For all examples in this document, we will use the acute lymphoblastic
leukemia data set, that is included in the standard BioConductor
\Rpackage{ALL} package. Let's load this data set and the required
packages first.
<<packages>>=
library(biclust)
library(eisa)
library(ALL)
data(ALL)
@ 

Next, we select a subset of the genes in the data set. We do this to speed 
up the computation for our simple examples. We select the genes that are 
annotated to be involved in immune system processes, according to the Gene
Ontology database.

<<filter>>=
library(GO.db)
library(hgu95av2.db)
gotable <- toTable(GOTERM)
myterms <- unique(gotable$go_id[gotable$Term %in% c("immune system process")])
myprobes <- unique(unlist(mget(myterms, hgu95av2GO2ALLPROBES)))
ALL.filtered <- ALL[myprobes,]
@

We have kept only \Sexpr{nrow(ALL.filtered)} probes:
<<filtered>>=
nrow(ALL.filtered)
@ 

For consistent results, we set the random seed.
<<seed>>=
set.seed(0xf00)
@ 

Next, we apply the Plaid Model Biclustering method~\cite{turner03} to the 
reduced data set.
<<bcplaid>>=
Bc <- biclust(exprs(ALL.filtered), BCPlaid(),
              fit.model = ~m + a + b, verbose = FALSE)
@ 
The method finds \Sexpr{Bc@Number} biclusters, and returns a 
\Rclass{Biclust} object:
<<bcplaid result>>=
class(Bc)
Bc
@

Now we will convert the \Rclass{Biclust} object to an \Rclass{ISAModules} 
object, that is used in the \Rpackage{eisa} package.
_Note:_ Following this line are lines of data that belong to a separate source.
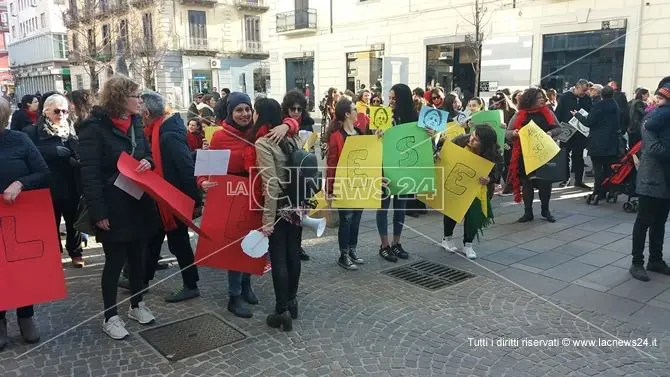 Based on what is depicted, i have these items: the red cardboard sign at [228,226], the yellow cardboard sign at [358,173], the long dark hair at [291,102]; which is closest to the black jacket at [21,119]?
the red cardboard sign at [228,226]

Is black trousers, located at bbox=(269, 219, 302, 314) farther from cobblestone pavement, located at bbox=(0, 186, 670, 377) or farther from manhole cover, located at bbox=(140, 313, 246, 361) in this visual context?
Answer: manhole cover, located at bbox=(140, 313, 246, 361)

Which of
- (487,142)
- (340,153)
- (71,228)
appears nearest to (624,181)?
(487,142)

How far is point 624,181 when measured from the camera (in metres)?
7.73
To help
some \Rpackage{eisa} functions, we add some biological annotation to
the \Rclass{Biclust} object.  of the annotation package to 
the parameters stored in the \Rclass{Biclust} object, this is always advised.
The procedure makes use of the probe and sample names that are kept and stored 
in the \Rclass{Biclust} object, this information will be used later, e.g. for 
the enrichment analysis. The conversion itself can be performed with
the usual \Rfunction{as} function. 
<<convert bc to isa>>=
Bc <- annotate(Bc, ALL.filtered)
modules <- as(Bc, "ISAModules")
modules
@

\subsection{Enrichment analysis}

Now we are able apply the usual \Rclass{ISAModules} methods to 
the biclusters. See more about these functions in the documentation of the 
\Rpackage{eisa} package. 

Performing enrichment analysis is easy:
<<biclust enrichment>>=
library(KEGG.db)
KEGG <- ISAKEGG(modules)
sigCategories(KEGG)[[2]]
unlist(mget(sigCategories(KEGG)[[2]], KEGGPATHID2NAME))
@ 

\subsection{Heatmaps}

The \Rfunction{ISA2heatmap} function creates a heatmap for a module. Let us
annotate the heatmap with the leukemia sample type, white means B-cell, black 
means T-cell leukemia. See Fig.~\ref{fig:heatmap}.
<<heatmap,eval=FALSE>>=
col <- ifelse(grepl("^B", ALL.filtered$BT), "white", "black")
modcol <- col[ getSamples(modules, 2)[[1]] ]
ISA2heatmap(modules, 2, ALL.filtered, 
            ColSideColors=modcol)
@

\begin{figure}
\centering
<<heatmap-real,fig=TRUE,echo=FALSE>>=
<<heatmap>>
@
\caption{Heatmap of the second module, found with the Plaid Model
  biclustering algorithm. The black squares denote the T-cell samples;
  all samples in the module are from T-cell leukemia patients.}
\label{fig:heatmap}
\end{figure}

It turns out, that all samples in the second bicluster belong to
patients with T-cell leukemia.

\subsection{Profile plots}

Profile plots visualize the mean expression levels, both for the
genes/samples in the module and in the background (i.e. the background
means all genes and samples \emph{not} in the module). 
See Fig.~\ref{fig:profile}.
<<profilePlot,eval=FALSE>>=
profilePlot(modules, 2, ALL, plot="both")
@
\begin{figure}
\centering
<<profilePlot-real,fig=TRUE,echo=FALSE>>=
<<profilePlot>>
@ 
\caption{Profile plot for the second module. The red lines show the
  average exression of the samples/genes in the module. The green
  lines show the same for the samples/genes not in the module.}
\label{fig:profile}
\end{figure}

\subsection{Gene Ontology tree plots}

The \Rfunction{gograph} and \Rfunction{gographPlot} functions 
create a plot of the part of the Gene Ontology tree that contains 
the enriched categories. See Fig.~\ref{fig:gotree}.
<<psoptions,results=hide,echo=FALSE>>=
ps.options(fonts=c("serif", "mono"))
@
<<GOtreeplot,eval=FALSE>>=
library(GO.db)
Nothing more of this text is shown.